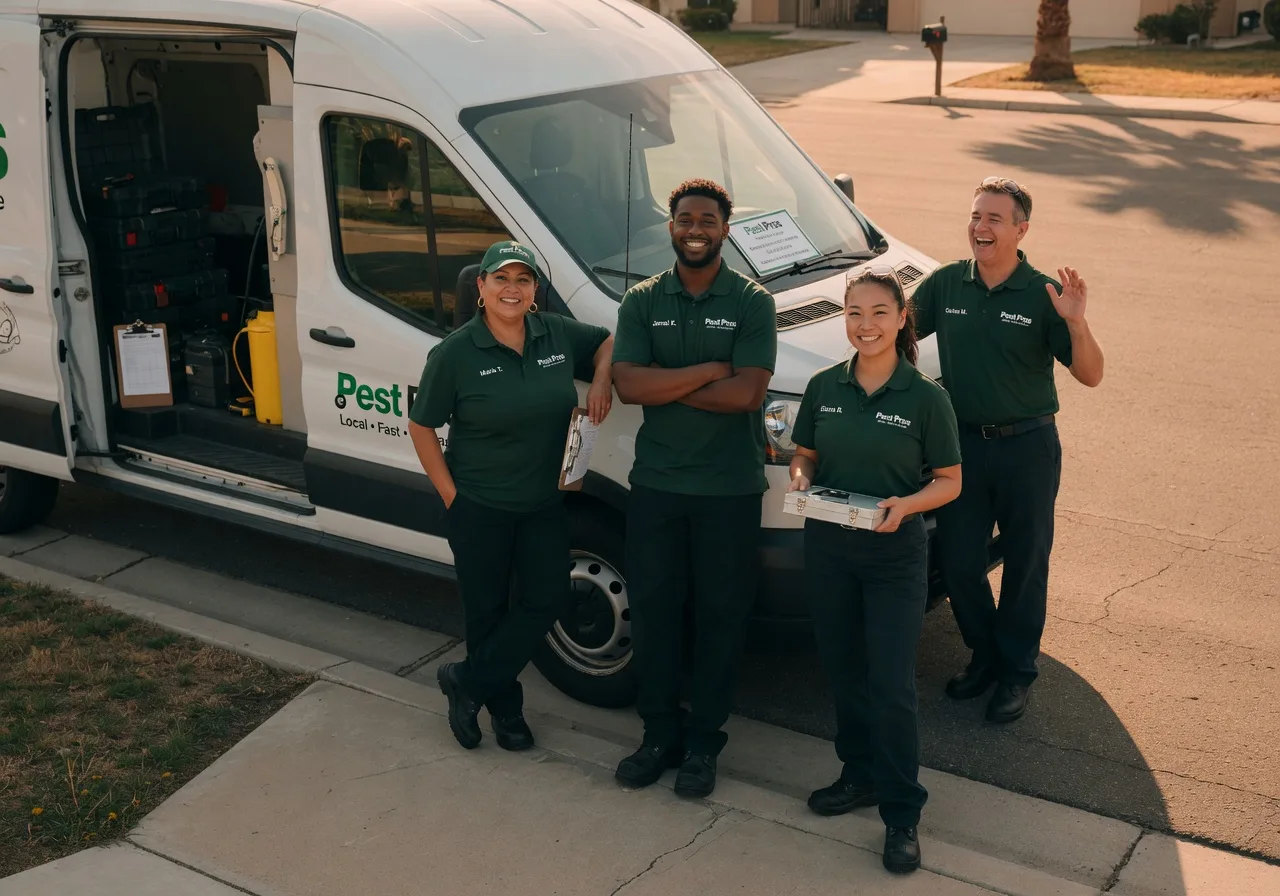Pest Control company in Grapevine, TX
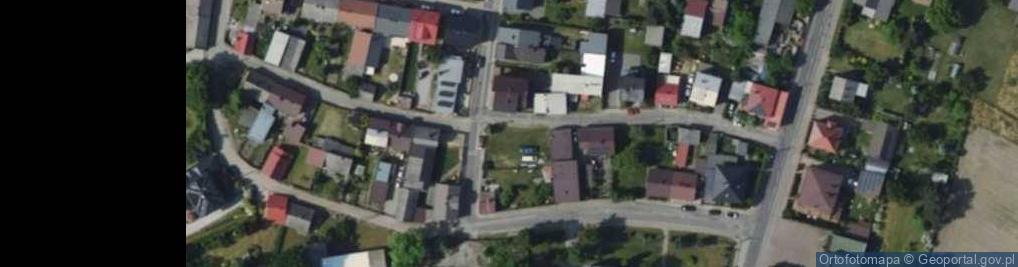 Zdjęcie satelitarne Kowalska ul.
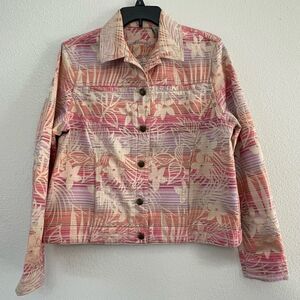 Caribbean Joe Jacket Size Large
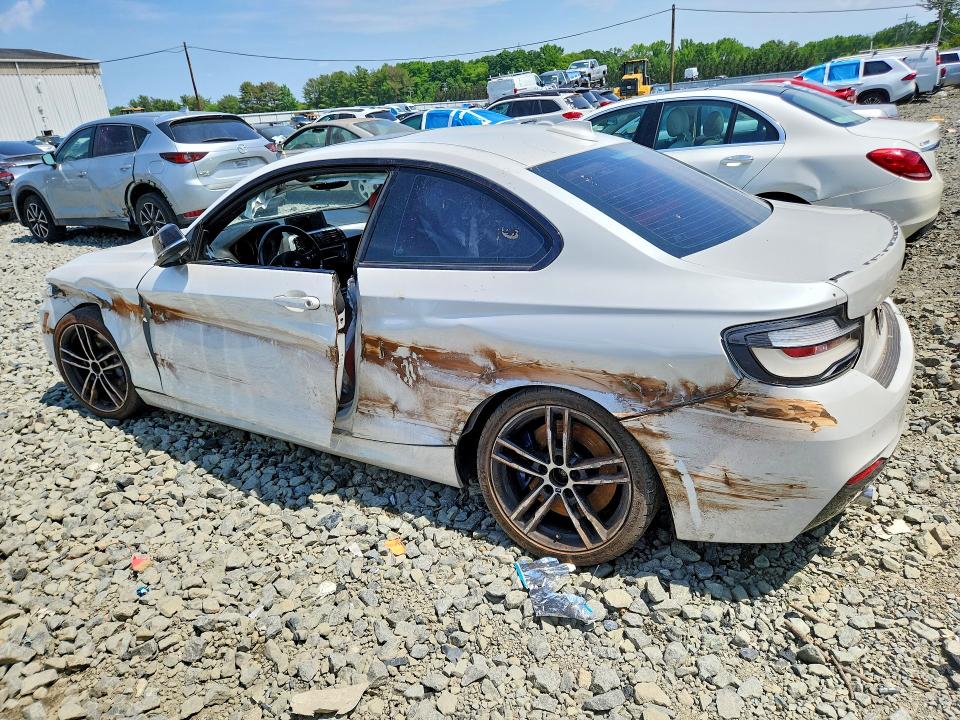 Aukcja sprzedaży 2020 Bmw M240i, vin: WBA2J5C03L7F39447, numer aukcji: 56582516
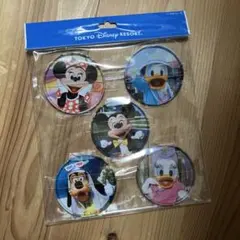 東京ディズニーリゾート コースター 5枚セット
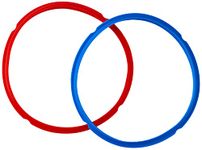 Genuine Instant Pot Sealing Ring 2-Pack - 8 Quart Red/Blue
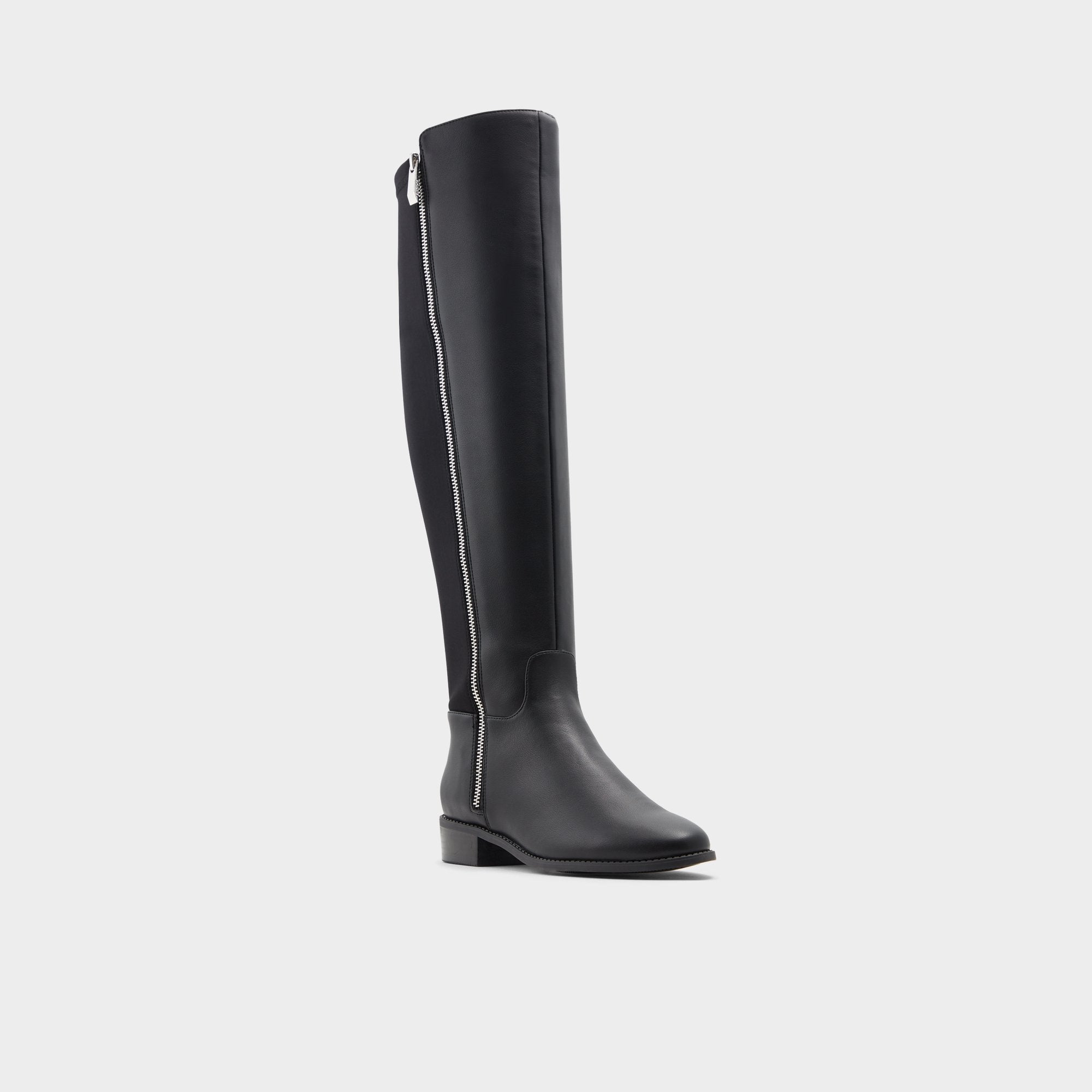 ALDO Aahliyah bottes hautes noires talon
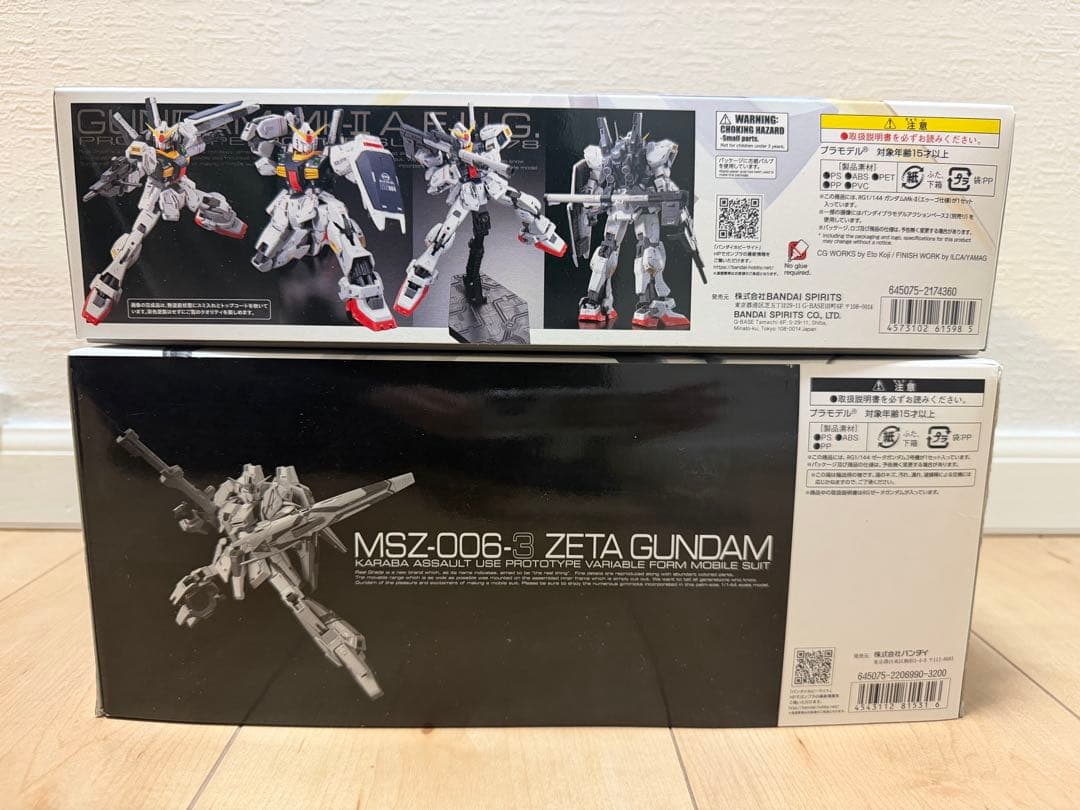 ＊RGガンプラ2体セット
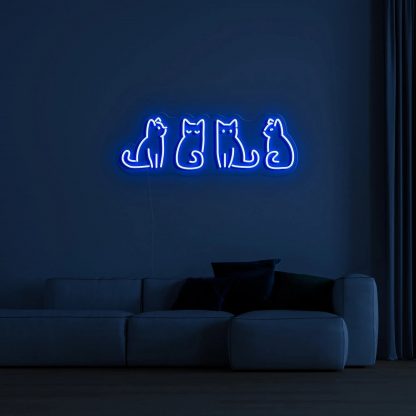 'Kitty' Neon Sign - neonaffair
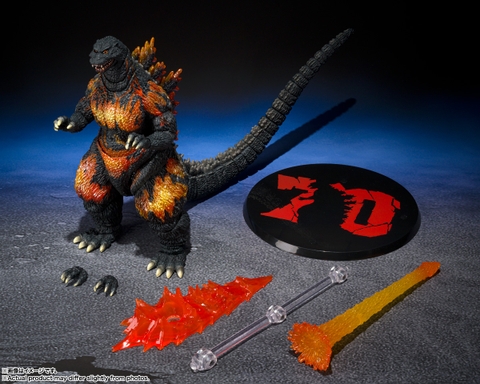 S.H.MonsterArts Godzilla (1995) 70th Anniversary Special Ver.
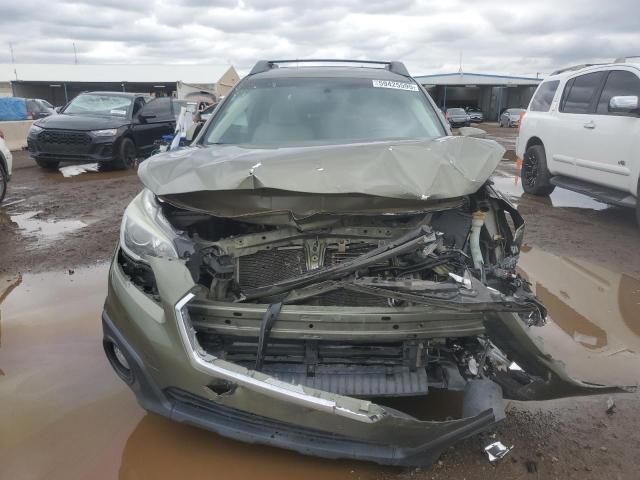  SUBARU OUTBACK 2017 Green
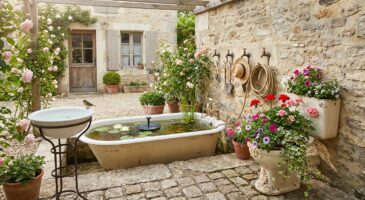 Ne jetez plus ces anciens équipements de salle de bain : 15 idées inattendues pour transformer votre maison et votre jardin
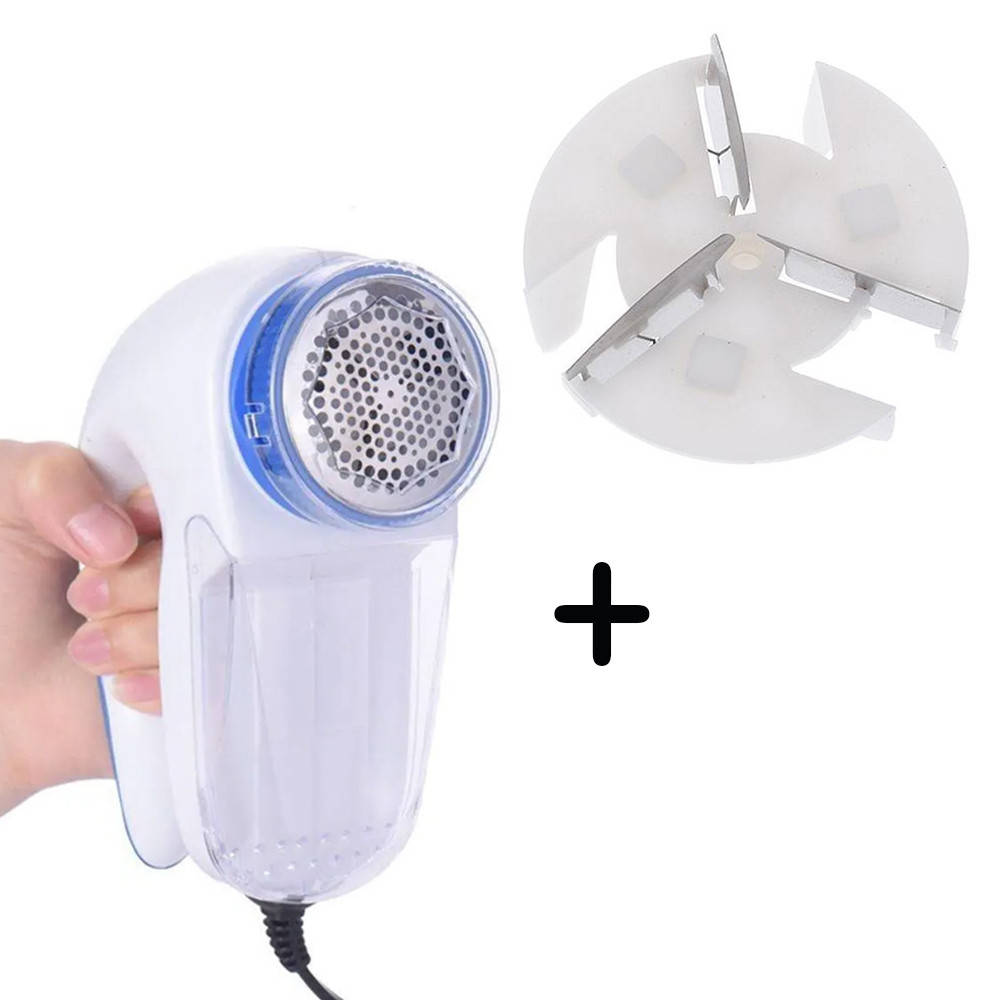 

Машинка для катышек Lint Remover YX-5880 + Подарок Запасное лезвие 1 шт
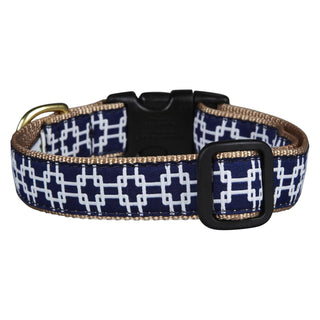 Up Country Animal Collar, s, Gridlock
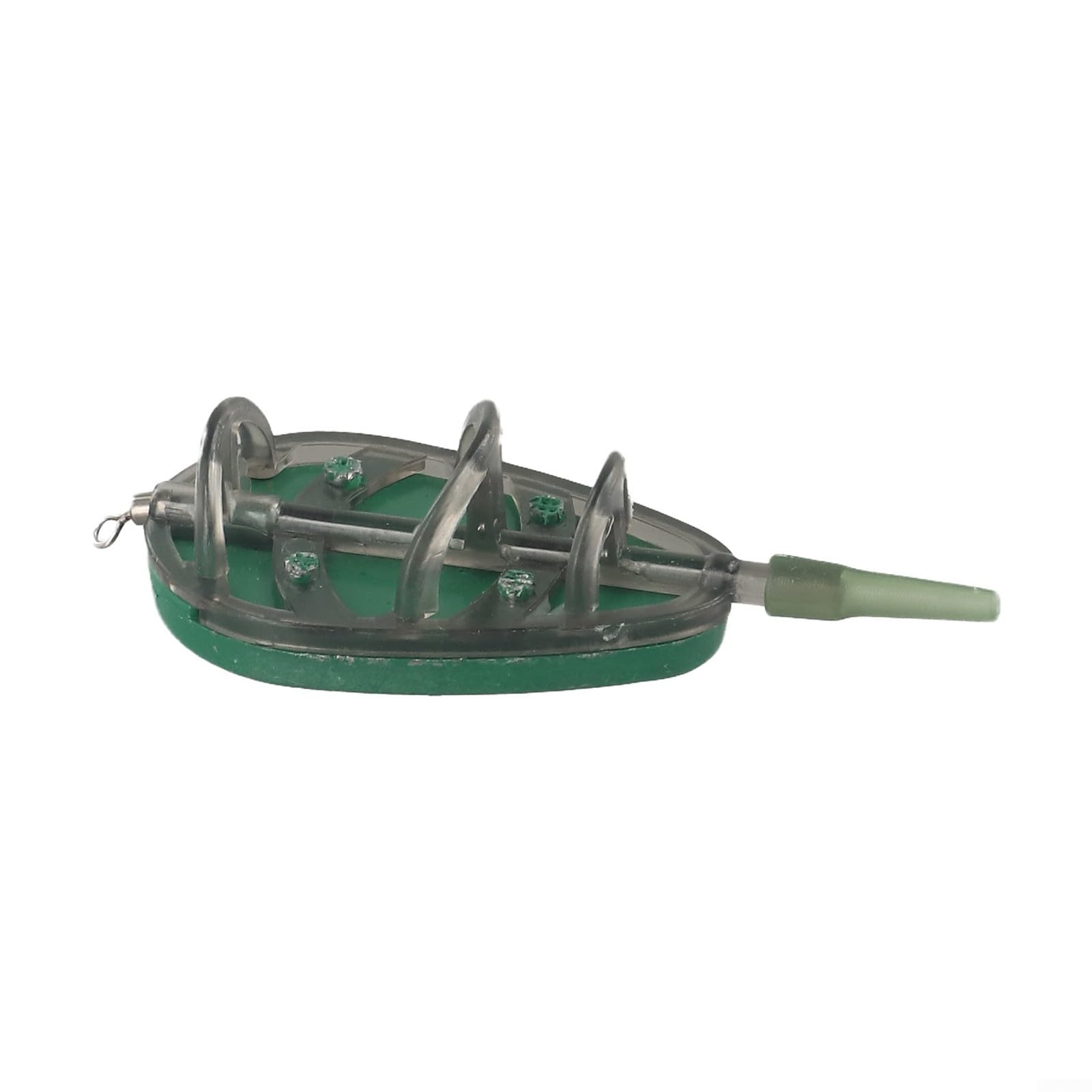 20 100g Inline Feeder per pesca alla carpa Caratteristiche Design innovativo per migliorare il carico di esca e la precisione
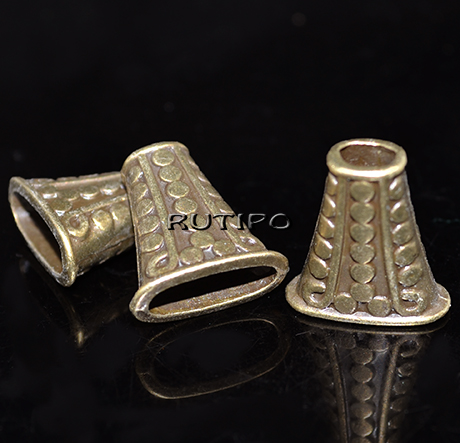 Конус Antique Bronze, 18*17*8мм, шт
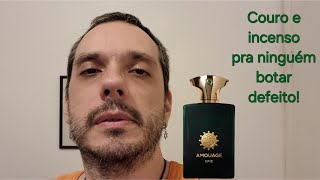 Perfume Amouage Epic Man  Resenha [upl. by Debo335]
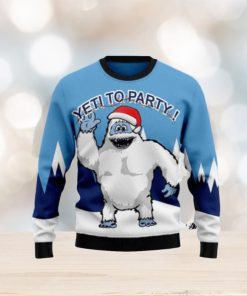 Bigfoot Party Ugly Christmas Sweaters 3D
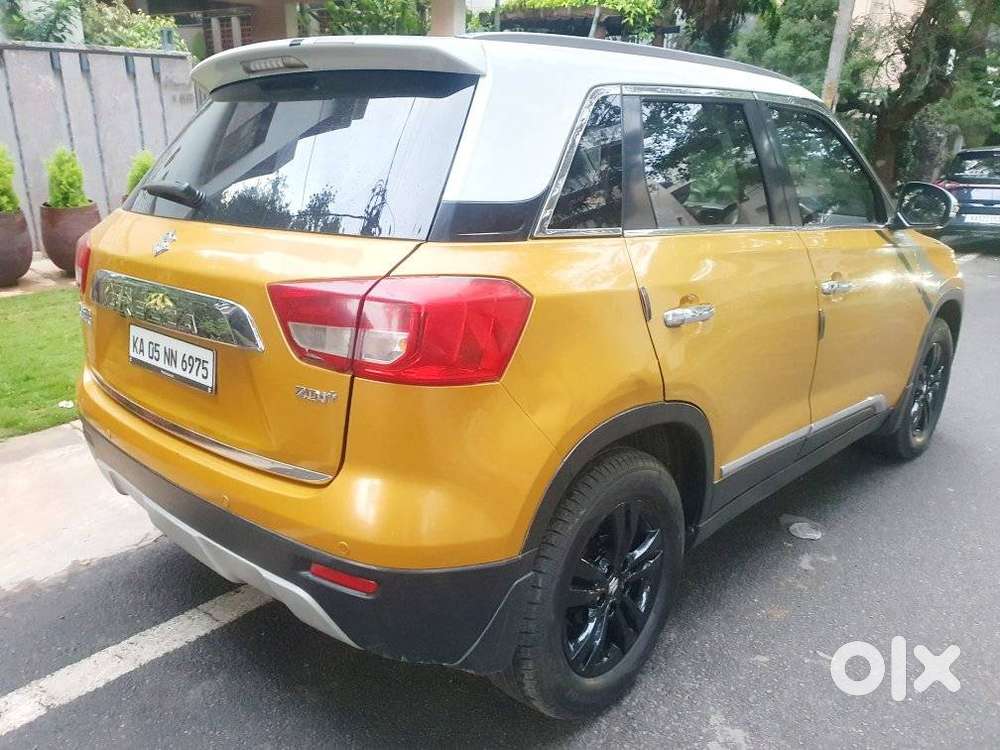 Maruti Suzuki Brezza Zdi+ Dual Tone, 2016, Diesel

* **Your objective**:
The expected output is the exact run of lines from the first line of the material above through the line that contains "Up Country Animal Collar, s, Gridlock", minus any pictures.

* **Result for this task**:
Pest Control company in Grapevine, TX
 Zdjęcie satelitarne Kowalska ul.
 Caribbean Joe Jacket Size Large
 Aukcja sprzedaży 2020 Bmw M240i, vin: WBA2J5C03L7F39447, numer aukcji: 56582516
 東京ディズニーリゾート コースター 5枚セット
 Genuine Instant Pot Sealing Ring 2-Pack - 8 Quart Red/Blue
 ALDO Aahliyah bottes hautes noires talon
 ＊RGガンプラ2体セット
 'Kitty' Neon Sign - neonaffair
 S.H.MonsterArts Godzilla (1995) 70th Anniversary Special Ver.
  SUBARU OUTBACK 2017 Green
 Ne jetez plus ces anciens équipements de salle de bain : 15 idées inattendues pour transformer votre maison et votre jardin

Машинка для катышек Lint Remover YX-5880 + Подарок Запасное лезвие 1 шт
 Up Country Animal Collar, s, Gridlock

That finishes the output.